Hello lovely ladies'
I hope all is well with you. Here things are a lot more positive. Today we share our smile with Annie at A Stitch In Time so I will tell you more in a minute. Let me first show you one of my postcards. They always bring a smile to my face, and this one is very colorful:
The large one represents the fairy tale of Rumpelstiltskin. A tale collected by the brothers Grimm.
I've noticed a 40 cents surcharge for welfare charities. that is nice.
Here is the Wikipedia version of the fairy tale: (Are you all sitting comfortably?)
In order to appear superior, a miller brags to the king, telling him that his daughter can spin straw into gold. The king calls for the girl, locks her up in a tower room filled with straw and a spinning wheel, and demands she spin the straw into gold by morning or he will have her killed. When she has given up all hope, a little imp-like man appears in the room and spins the straw into gold in return for her necklace. The next morning the king takes the girl to a larger room filled with straw to repeat the feat, the imp once again spins, in return for the girl's ring. On the third day, when the girl has been taken to an even larger room filled with straw and told by the king that he will marry her if she can fill this room with gold or execute her if she cannot, the girl has nothing left with which she can pay the strange creature. He extracts a promise from her that she will give him her firstborn child, and so he spins the straw into gold a final time.
The king keeps his promise to marry the miller's daughter. But when their first child is born, the imp returns to claim his payment. She offers him all the wealth she has to keep the child, but the imp has no interest in her riches. He finally relents to give up his claim to the child if she can guess his name within three days.
The queen's many guesses fail. But before the final night, she wanders into the woods[note 5] searching for him and comes across his remote mountain cottage and watches, unseen, as he hops about his fire and sings. In his song's lyrics—"tonight tonight, my plans I make, tomorrow tomorrow, the baby I take. The queen will never win the game, for Rumpelstiltskin is my name"—he reveals his name.

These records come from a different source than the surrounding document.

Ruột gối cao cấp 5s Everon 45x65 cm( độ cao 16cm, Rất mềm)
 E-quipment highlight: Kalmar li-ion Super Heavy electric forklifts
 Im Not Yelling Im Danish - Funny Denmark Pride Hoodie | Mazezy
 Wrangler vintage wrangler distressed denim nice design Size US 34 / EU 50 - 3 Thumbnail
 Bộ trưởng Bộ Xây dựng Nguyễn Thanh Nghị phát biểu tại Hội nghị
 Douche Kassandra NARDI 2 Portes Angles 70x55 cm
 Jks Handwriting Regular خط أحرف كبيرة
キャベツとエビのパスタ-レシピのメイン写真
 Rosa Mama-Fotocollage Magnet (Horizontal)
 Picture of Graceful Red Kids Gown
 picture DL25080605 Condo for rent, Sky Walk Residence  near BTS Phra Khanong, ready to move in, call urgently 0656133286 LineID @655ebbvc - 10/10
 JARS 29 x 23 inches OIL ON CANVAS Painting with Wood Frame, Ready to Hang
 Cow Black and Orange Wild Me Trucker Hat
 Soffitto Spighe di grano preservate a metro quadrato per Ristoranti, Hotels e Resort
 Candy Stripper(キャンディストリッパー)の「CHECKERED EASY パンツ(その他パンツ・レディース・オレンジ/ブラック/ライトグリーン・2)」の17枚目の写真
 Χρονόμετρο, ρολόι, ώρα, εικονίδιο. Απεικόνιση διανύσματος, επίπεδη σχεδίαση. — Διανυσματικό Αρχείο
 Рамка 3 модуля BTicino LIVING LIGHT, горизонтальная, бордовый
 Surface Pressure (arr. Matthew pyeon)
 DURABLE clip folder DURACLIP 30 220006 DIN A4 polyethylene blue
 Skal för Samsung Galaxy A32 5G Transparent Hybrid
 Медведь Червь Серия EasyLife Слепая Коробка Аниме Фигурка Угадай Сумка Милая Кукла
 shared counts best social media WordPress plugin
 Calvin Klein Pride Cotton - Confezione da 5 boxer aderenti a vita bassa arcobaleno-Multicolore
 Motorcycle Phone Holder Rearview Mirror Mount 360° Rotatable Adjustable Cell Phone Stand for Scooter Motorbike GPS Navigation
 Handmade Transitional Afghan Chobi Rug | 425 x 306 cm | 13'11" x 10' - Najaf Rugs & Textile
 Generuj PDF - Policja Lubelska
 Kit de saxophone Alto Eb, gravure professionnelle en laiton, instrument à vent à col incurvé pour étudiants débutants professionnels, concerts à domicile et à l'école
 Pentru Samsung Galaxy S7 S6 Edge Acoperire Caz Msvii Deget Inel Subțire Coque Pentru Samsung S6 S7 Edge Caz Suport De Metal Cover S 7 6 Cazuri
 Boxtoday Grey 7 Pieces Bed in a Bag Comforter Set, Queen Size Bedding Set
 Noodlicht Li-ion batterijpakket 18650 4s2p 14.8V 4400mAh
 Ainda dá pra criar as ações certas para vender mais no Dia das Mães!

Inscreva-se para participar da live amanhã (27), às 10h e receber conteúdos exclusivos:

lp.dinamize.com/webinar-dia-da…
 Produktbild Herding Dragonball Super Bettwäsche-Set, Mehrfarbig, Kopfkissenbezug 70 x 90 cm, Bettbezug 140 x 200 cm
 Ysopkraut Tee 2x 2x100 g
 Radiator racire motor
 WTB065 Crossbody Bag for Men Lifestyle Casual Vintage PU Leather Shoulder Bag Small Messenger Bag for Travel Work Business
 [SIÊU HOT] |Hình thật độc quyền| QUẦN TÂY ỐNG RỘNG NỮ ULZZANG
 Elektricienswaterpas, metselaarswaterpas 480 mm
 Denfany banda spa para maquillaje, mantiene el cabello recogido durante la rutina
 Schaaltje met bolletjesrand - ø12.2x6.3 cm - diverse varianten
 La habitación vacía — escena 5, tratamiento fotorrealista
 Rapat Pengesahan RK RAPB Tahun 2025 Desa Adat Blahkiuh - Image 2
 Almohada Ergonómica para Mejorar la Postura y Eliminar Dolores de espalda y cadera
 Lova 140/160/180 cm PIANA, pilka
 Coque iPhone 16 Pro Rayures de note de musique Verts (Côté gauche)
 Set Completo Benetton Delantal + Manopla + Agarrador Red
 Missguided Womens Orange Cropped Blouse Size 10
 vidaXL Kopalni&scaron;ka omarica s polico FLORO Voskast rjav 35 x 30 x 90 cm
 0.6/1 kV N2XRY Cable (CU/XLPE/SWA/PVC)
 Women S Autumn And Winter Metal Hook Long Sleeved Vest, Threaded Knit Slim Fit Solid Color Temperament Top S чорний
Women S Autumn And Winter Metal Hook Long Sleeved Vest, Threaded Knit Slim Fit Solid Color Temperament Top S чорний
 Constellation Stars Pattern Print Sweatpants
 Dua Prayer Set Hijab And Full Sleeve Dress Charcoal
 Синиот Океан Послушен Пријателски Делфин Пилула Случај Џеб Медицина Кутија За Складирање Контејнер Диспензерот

When the imp comes to the queen on the third day, after first feigning ignorance, she reveals his name, Rumpelstiltskin, and he loses his temper at the loss of their bargain. Versions vary about whether he accuses the devil or witches of having revealed his name to the queen. In the 1812 edition of the Brothers Grimm tales, Rumpelstiltskin then "ran away angrily, and never came back." The ending was revised in an 1857 edition to a more gruesome ending wherein Rumpelstiltskin "in his rage drove his right foot so far into the ground that it sank in up to his waist; then in a passion he seized the left foot with both hands and tore himself in two." Other versions have Rumpelstiltskin driving his right foot so far into the ground that he creates a chasm and falls into it, never to be seen again. In the oral version originally collected by the Brothers Grimm, Rumpelstiltskin flies out of the window on a cooking ladle.
Here in the K household things have been busy as we had hubby's daughter visiting.